In this case, why not use std::initializer_list?

template <typename T>
void func(std::initializer_list<T> li) {
    for (auto ele : li) {
        // process ele
        cout << ele << endl;
    }
}

As @Yakk mentioned in the comment, you might want to avoid const copies.

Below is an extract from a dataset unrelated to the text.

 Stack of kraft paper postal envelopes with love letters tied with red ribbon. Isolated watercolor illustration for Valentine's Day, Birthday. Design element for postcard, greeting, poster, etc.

In that case, you can copy pointers to std::initializer_list:

// Only accept pointer type
template <typename T>
void func(std::initializer_list<T> li) {
    for (auto ele : li) {
        // process pointers, so dereference first
        cout << *ele << endl;
    }
}

Or specialize func for pointers:

// Specialize for pointer
template <typename T>
void func(std::initializer_list<T*> li) {
    for (auto ele : li) {
        // process pointers, so dereference first
        cout << *ele << endl;
    }
}

my_struct a, b, c;
func({a, b, c}); // copies
func({&a, &b, &c}); // no copies, and you can change a, b, c in func

Answer 5

This takes an arbitrary In type and moves its r/lvalue reference-ness over to an Out type in an implicit cast.

template<class Out>
struct forward_as {
  template<class In,
    std::enable_if_t<std::is_convertible<In&&,Out>{}&&!std::is_base_of<Out,In>{},int>* =nullptr
  >
  Out operator()(In&& in)const{ return std::forward<In>(in); }
  Out&& operator()(Out&& in)const{ return std::forward<Out>(in); }
  template<class In,
    std::enable_if_t<std::is_convertible<In&,Out&>{},int>* =nullptr
  >
  Out& operator()(In& in)const{ return in; }
  template<class In,
    std::enable_if_t<std::is_convertible<In const&,Out const&>{},int>* =nullptr
  >
  Out const& operator()(In const& in)const{ return in; }
};

With this, here is our n-ary apply_visitor:

template <typename V, typename ... Ss,
  decltype(std::void_t<
    std::result_of_t<forward_as<my_struct>(Ss)>...
  >(),int())* =nullptr
>
void apply_visitor(V && v, Ss && ... ss) {
  auto convert = forward_as<my_struct>{};

  std::forward<V>(v)("foo", (convert(std::forward<Ss>(ss)).foo)...);
  std::forward<V>(v)("bar", (convert(std::forward<Ss>(ss)).bar)...);
  std::forward<V>(v)("baz", (convert(std::forward<Ss>(ss)).baz)...);
}

which fails to match if forward_as<my_struct> fails to evaluate on Ss.

live example

Answer 6

A possible solution would be using a compile time function like are_same in the following example:

#include <type_traits>

template<typename T, typename... O>
constexpr bool are_same() {
    bool b = true;
    int arr[] = { (b = b && std::is_same<T, O>::value, 0)... };
    return b;
}

int main() {
    static_assert(are_same<int, int, int>(), "!");
    static_assert(not are_same<int, double, int>(), "!");
}

Use it as it follows:

template <typename... Ts>
void func(Ts &&... ts) {
    static_assert(are_same<Ts...>(), "!");
    step_one(std::forward<Ts>(ts)...);
    step_two(std::forward<Ts>(ts)...);
}

You'll have a nice compile time error message as requested.

Answer 7

I think you can make a function like this and check the arguments inside of your function.

template <typename T, typename... Args> bool check_args(T a, Args args)
{
static string type;
if(type == "") type = typeid(a).name;
else if(type != typeid(a).name) return false;
else return check_args(args...);
}
bool check_args() {return true;}